EAP Editor/Publisher Natters on About This and That.

Fall 2012 Around Here at EAP.

August 31, 2012 by Exangel

Here we are, our first quarterly issue of EAP, and there is more stuff coming in over the virtual transom than ever. We love young readers and writers here at EAP. Well, we love old ones, too, and middle aged ones, and all of them in between. But it’s always a particular pleasure to watch the next generation of real book lovers. That’s why we were particularly pleased to get Kelsey Liu’s contribution of a bunch of her short stores. She’s a teenager, and you might be able to guess that from the subject matter, but you’d never be able to tell from the polished proficiency of the stories. No typos! No errors! Care and feeding gone into these stories!  We’ve started publishing the one we found the most charming in a charming bunch: The World Falls in Love. I sort of fell in love with that one, myself. Now we’ll see if she can keep her young nose to a very old grindstone; if she can, I predict good things for her, and for us who read her.

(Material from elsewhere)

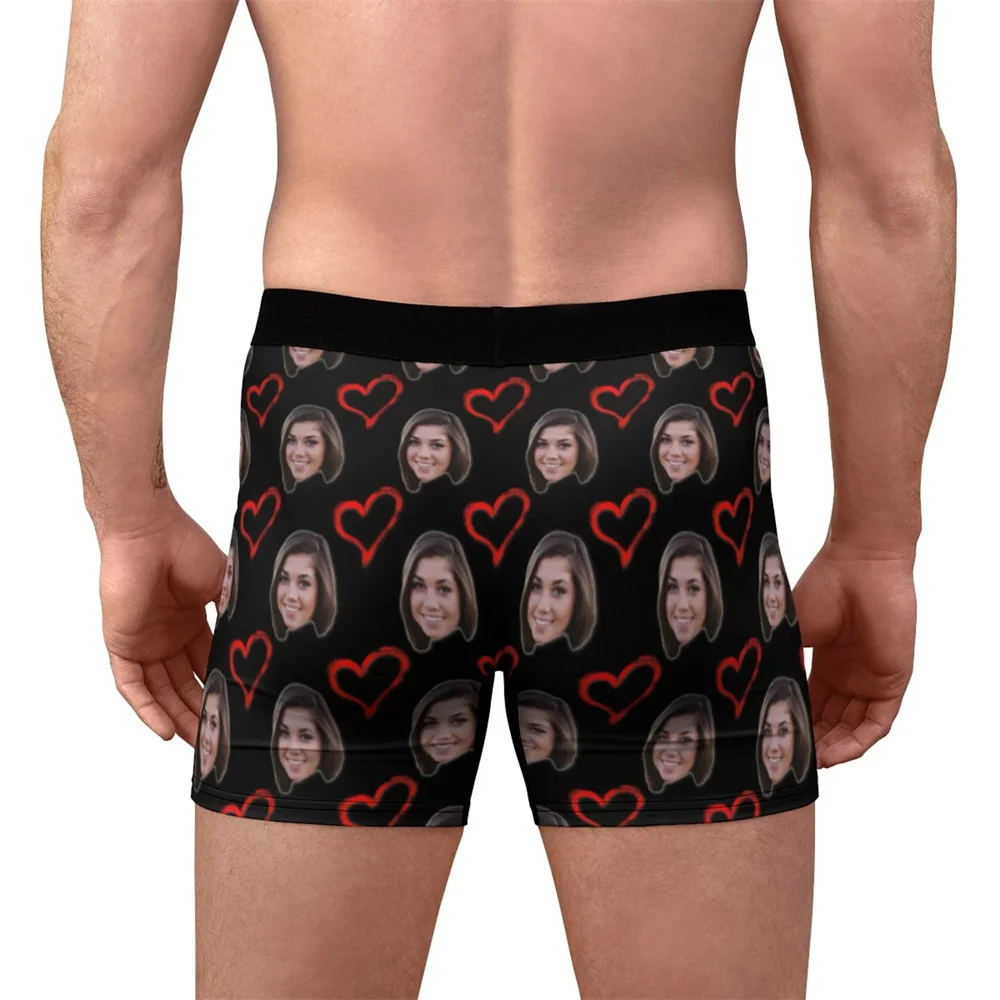 Custom Boxers with Face, Personalized Face Photo Underwear for Him, Face on Men's Underwear, Customized Boxer Briefs, Valentine'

Meanwhile, what is it about Irvine, California, and short story writing? In one week, we heard from Kelsey, who lives there, and from Paul Rogov, who also lives and writes there.  There was something about Paul’s stuff that made me sit up and go ‘hhmmm.’ There was this ham sandwich in his story about Philo’s Magnet Motor, which particularly appealed, and not because I like ham sandwiches, either. But see what you think. As my Dear Husband said at breakfast, “Irvine? You say you got TWO contributions from Irvine? What the hell is going on down there?”

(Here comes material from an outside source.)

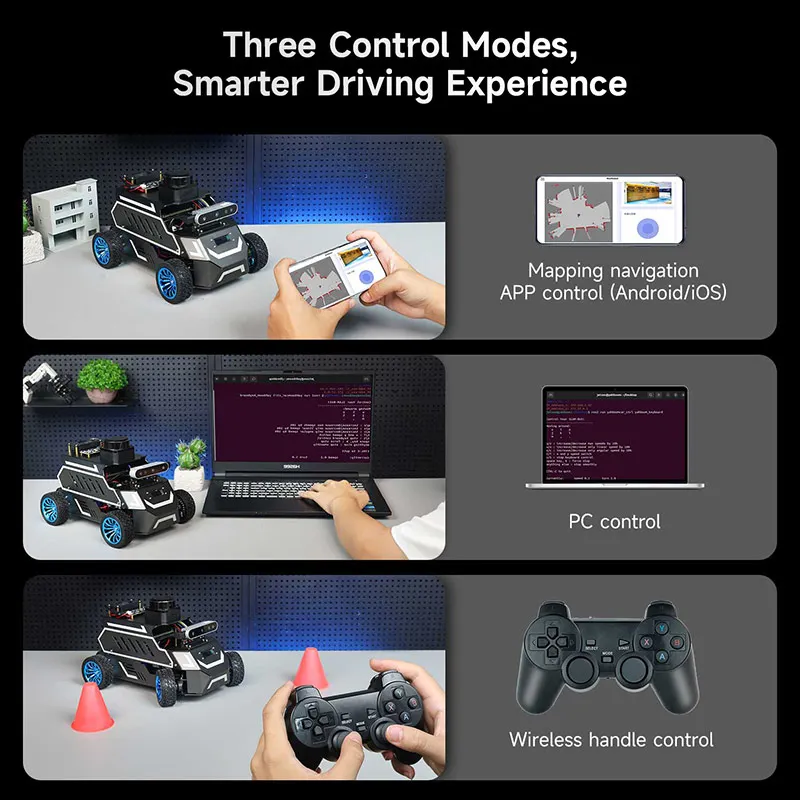 A1 ROS2 مدمج مع محرك معدني عزم دوران عالي 520 يدعم رسم الخرائط المبعودة للملاحة لـ Raspberry Pi 5 8GB #4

Hell if I know. But I kind of like it.

On the indie publishing front, we’ve had a busy summer, to say the least, with two books released in Fall 2012–David Budbill’s PARK SONGS, and my own second book in The History of Arcadia, LILY THE SILENT. Not to mention starting to get together our Spring 2013 book, GREENBEARD, by R. C. Bentley, and many thanks to Stephen Player, who did us a spectacular cover image in the time it takes to turn around and say, “Why do we not have a spectacular cover image?” Mike Madrid had called him just to get advice on finding an artist to help us out, and Stephen very generously offered his own time and art…which is rather lucky for us, considering he’s usually busy working on covers for Terry Pratchett books…and GREENBEARD should very much appeal to Terry Pratchett fans, among others. It certainly appeals to all of us!

Onward!

(And by the way, congratulations to the GOOD READS and LIBRARY THING EARLY REVIEWER winners of copies or PARK SONGS, by David Budbill. The books went out today, hope you enjoy them as much as we do around here…)

Our Website’s Brand New Look.

August 7, 2012 by Exangel

Here’s the new EAP website. When we got hacked last month, and our server shut our website down till we could fix matters, we realized the whole thing was was overdue for a rethink and an overhaul. This was the happy result. There are other changes. Starting with the September MERMAIDS issue, the online magazine will […]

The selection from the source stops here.